- _AVAILABLE RECORDS_:

____

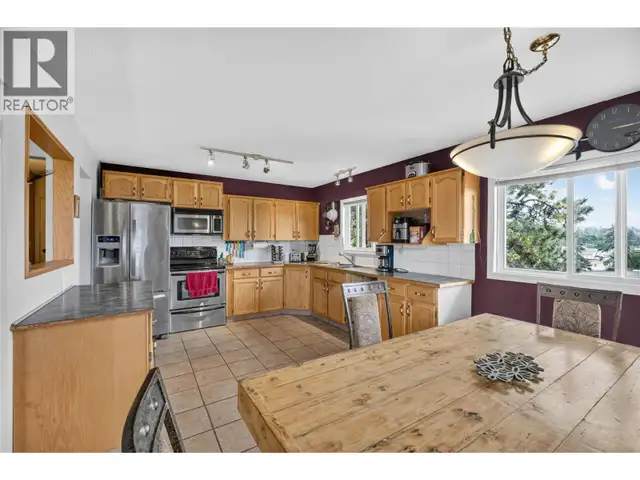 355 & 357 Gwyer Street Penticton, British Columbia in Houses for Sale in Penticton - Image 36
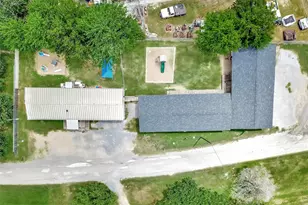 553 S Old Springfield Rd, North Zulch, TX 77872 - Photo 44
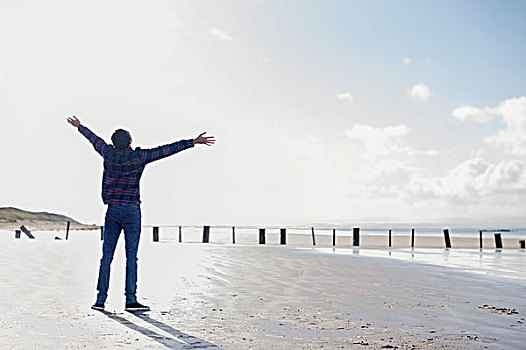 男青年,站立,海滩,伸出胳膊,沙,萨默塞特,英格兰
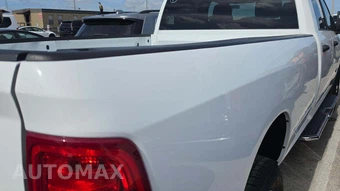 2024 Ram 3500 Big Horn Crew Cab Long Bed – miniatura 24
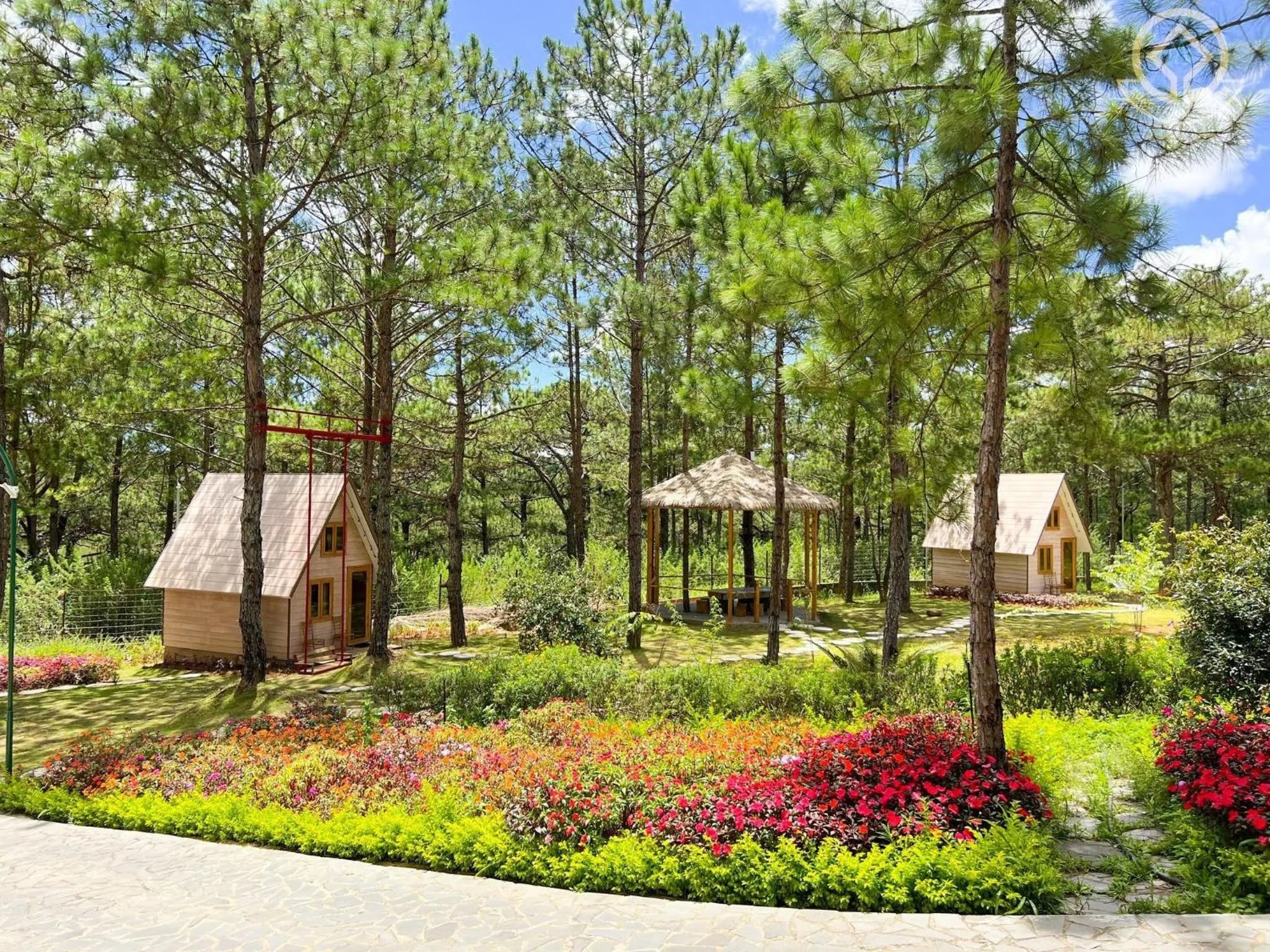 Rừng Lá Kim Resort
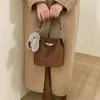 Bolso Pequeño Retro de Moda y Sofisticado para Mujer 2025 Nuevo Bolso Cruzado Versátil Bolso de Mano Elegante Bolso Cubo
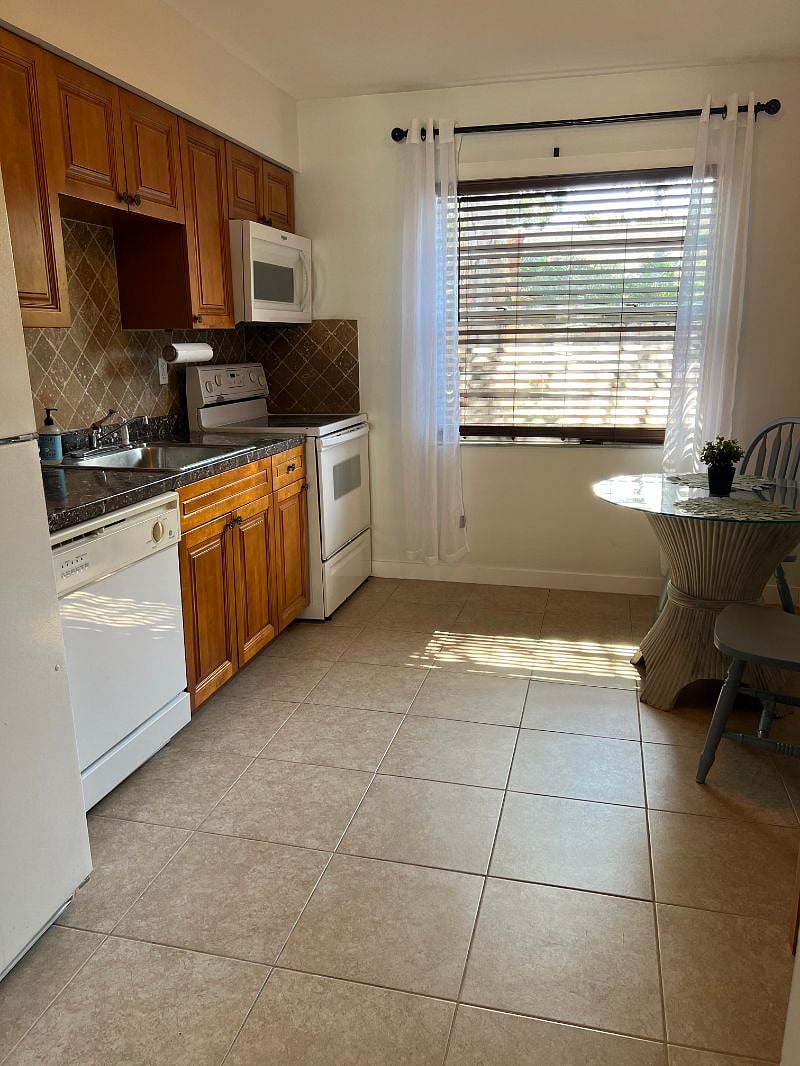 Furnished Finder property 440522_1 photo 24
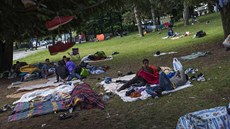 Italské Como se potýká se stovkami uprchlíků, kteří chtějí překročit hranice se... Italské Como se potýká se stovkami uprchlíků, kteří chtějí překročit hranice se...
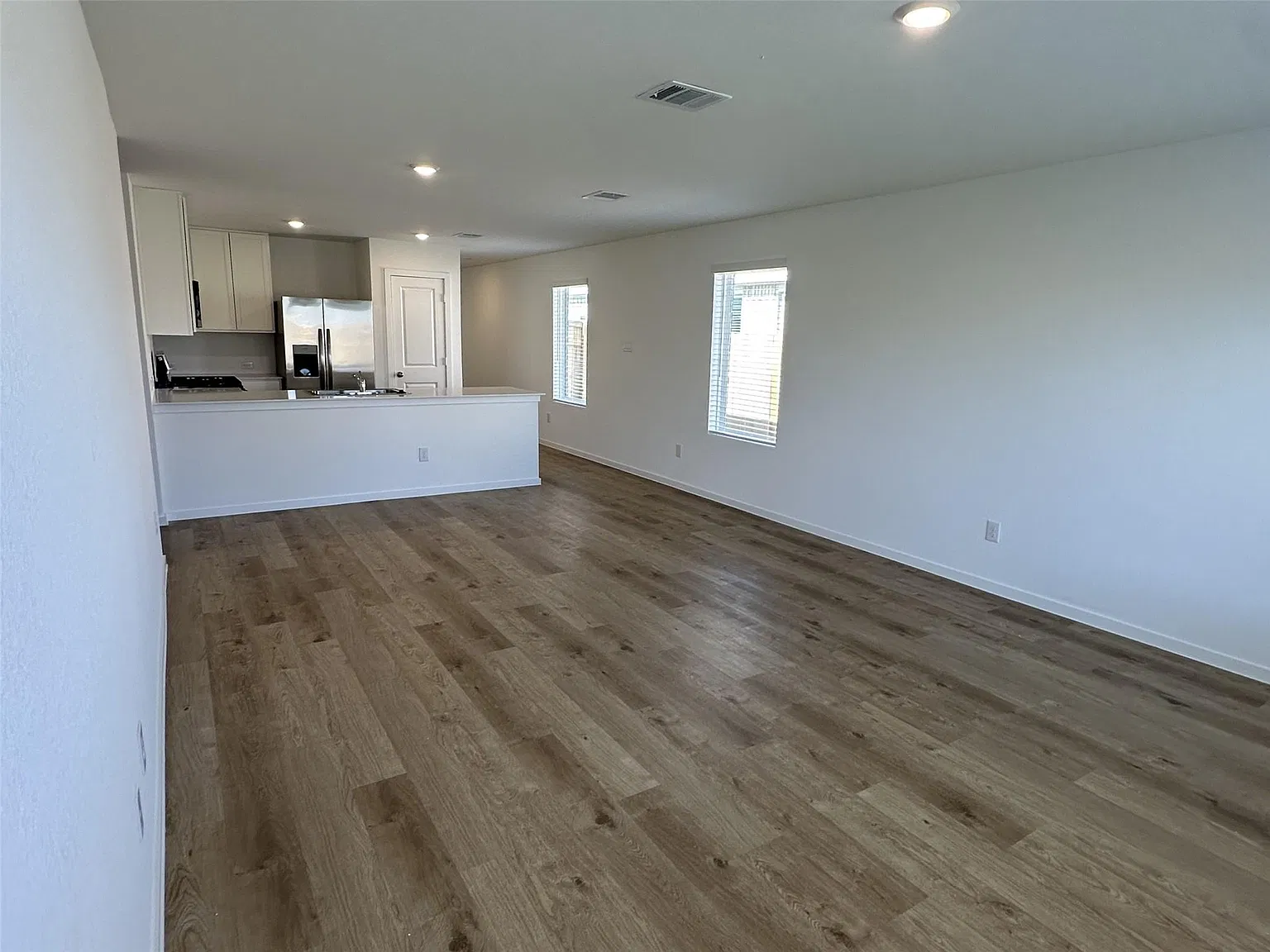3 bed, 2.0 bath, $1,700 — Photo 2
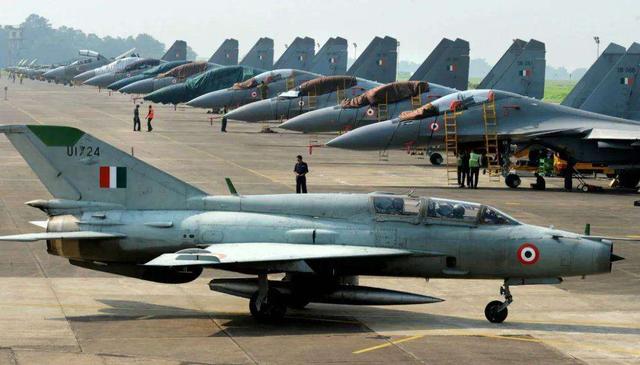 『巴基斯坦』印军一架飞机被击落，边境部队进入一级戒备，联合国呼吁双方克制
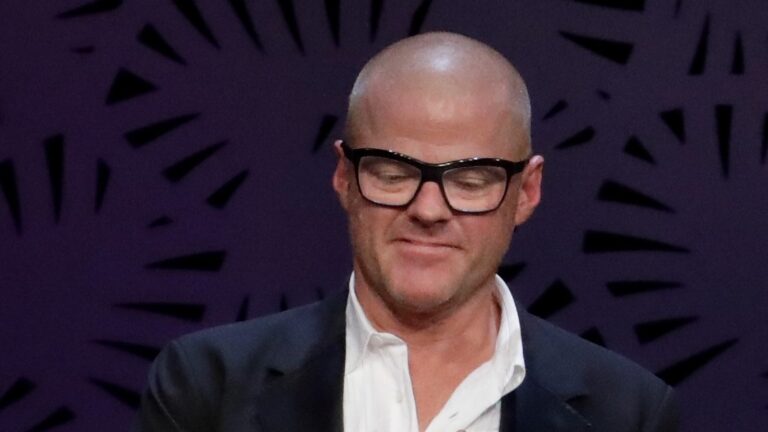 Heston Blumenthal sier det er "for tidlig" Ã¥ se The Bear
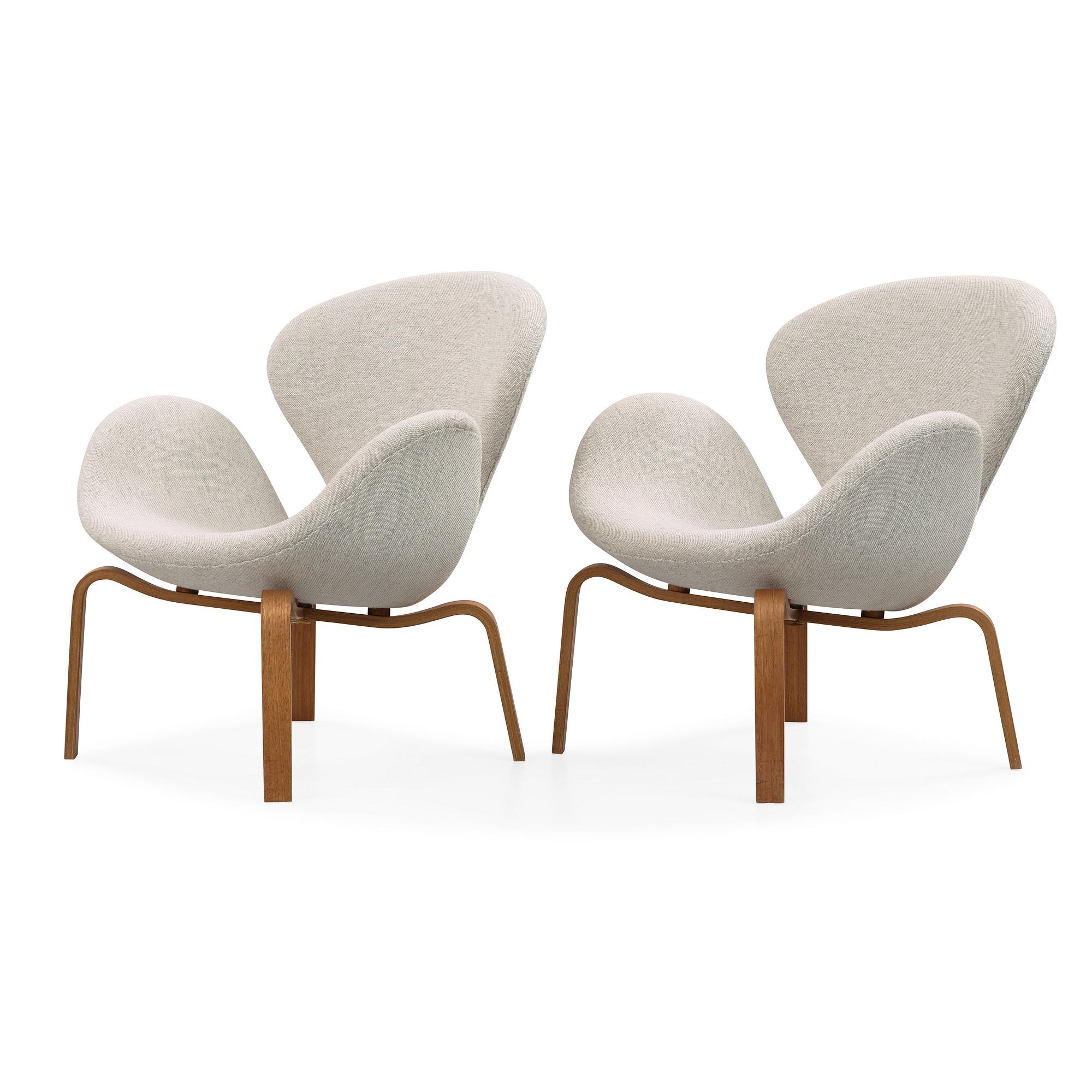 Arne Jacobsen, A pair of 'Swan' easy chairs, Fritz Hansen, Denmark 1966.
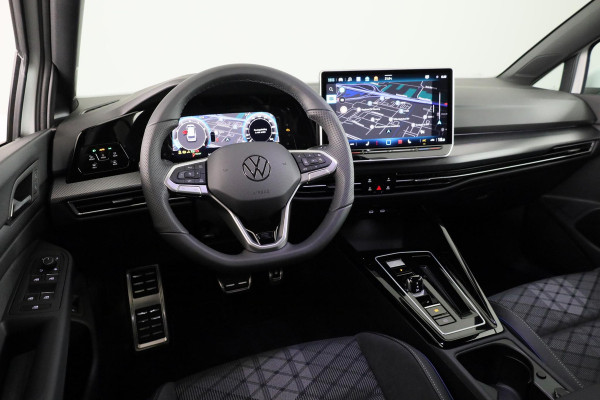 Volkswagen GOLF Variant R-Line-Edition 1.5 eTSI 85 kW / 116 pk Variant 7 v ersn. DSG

____

- _ABOUT THIS EXERCISE_:
Everything from the line containing "553 S Old Springfield" to the last line of the listing above is to be written out exactly, except the pictures, and nothing else.

- _TASK RESPONSE_:
 553 S Old Springfield Rd, North Zulch, TX 77872 - Photo 44
 男青年,站立,海滩,伸出胳膊,沙,萨默塞特,英格兰
 2024 Ram 3500 Big Horn Crew Cab Long Bed – miniatura 24
 Rừng Lá Kim Resort
 Bolso Pequeño Retro de Moda y Sofisticado para Mujer 2025 Nuevo Bolso Cruzado Versátil Bolso de Mano Elegante Bolso Cubo
 Furnished Finder property 440522_1 photo 24
 Italské Como se potýká se stovkami uprchlíků, kteří chtějí překročit hranice se... Italské Como se potýká se stovkami uprchlíků, kteří chtějí překročit hranice se...
3 bed, 2.0 bath, $1,700 — Photo 2
 『巴基斯坦』印军一架飞机被击落，边境部队进入一级戒备，联合国呼吁双方克制
 Heston Blumenthal sier det er "for tidlig" Ã¥ se The Bear
 Arne Jacobsen, A pair of 'Swan' easy chairs, Fritz Hansen, Denmark 1966.
 Volkswagen GOLF Variant R-Line-Edition 1.5 eTSI 85 kW / 116 pk Variant 7 v ersn. DSG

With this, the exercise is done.